Season the sliced onion, with salt and pepper and simmer over a low flame.. Add the tomatoes peeled and seeded. After ten minutes, add the white wine. Put this sauce in a pan that can be put in the oven and put the groupers on top. Cook in medium heat for about 20 minutes covering them occasionally with the sauce. When done, serve with chopped parsley to garnish.

Are you up for a fish dinner?


23 thoughts on “Portuguese Cuisine – “Garoupa à Portuguesa”

  1. I think the professor might feel the same way at first! I’m not a seafood person, but…in Portugal (or Florida) it might be different. It does sound good.

    😆 Obnoxious fish sticks was funny.


  2. Well, they /were/ obnoxious. Kind of like a conversation between DS and Ruber. They have NO flavor at all (which was why Mom liked them because she hated fish but my dad loved it so that was the compromise) unless you put tartar sauce or something on them.


  3. You had me till you got to the chicken feet – yeuch! I find I must leap to the defence of the fish stick though – known here as fish fingers (there, doesn’t that make them sound more interesting already?). Stuck on a lavishly buttered bread roll with ketchup – a meal fit for a king! 😉


    1. To be offered the chicken feet is an honor. I believe I’ve come across the term, fish fingers somewhere. I think I was spoiled from those years in Portugal. The only fish that make me smile are the fresh ones, and being the best restaurant in Florida is near the seaside. 😀 Thanks for coming by – I will get to your blog yet this week…it’s been a randomly busy week.
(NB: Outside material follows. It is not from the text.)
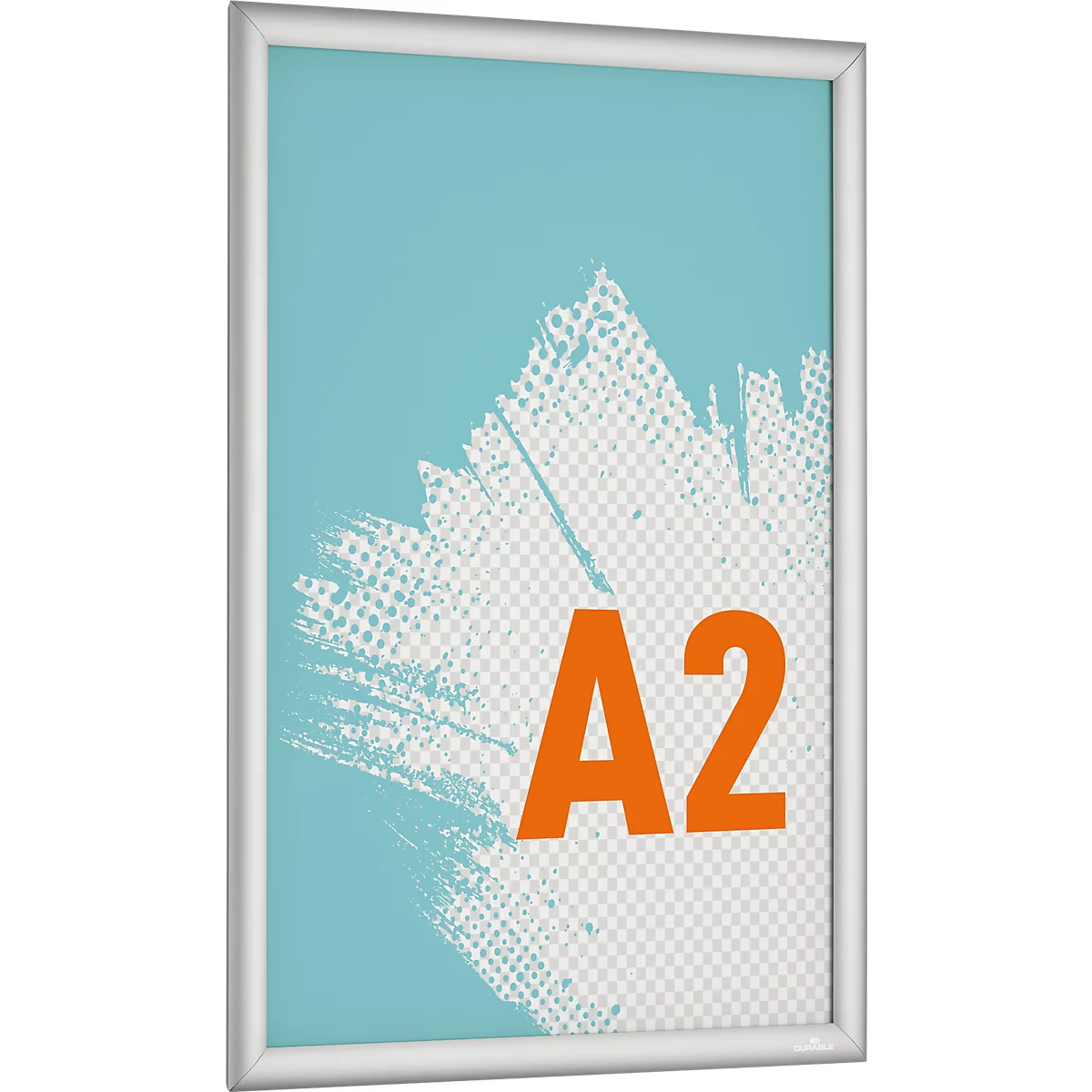 Een zilveren kliklijst met een turquoise poster met een wit penseelstreekeffect en de oranje tekst A2.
  4. I must admit, I am with the Professor. I am not much of a fish person, and if I saw fish eyes staring up at me from a plate, OMKATS I think I would be running to the bathroom.

    Obnoxious fish sticks….I love that, Susan! LOL I remember growing up and having those, and nope, I never dreamed of them.

    Shudder….chicken feet? Oh my. I must be spoiled or something. No thank you. xxoo, Amy


  5. She left the eyes in the fish. Oh my! I just saw The Hobbit and in one of the scenes he cooked a fish with head and all. I could not do it.


      1. I just can’t imagine cooking a fish with the head still on with those eyes staring at me. When I was little I remember my mother cutting off the head first and then gut and skin it. That’s probably why I don’t buy them whole I am still traumatized. ..lol


Comments are closed.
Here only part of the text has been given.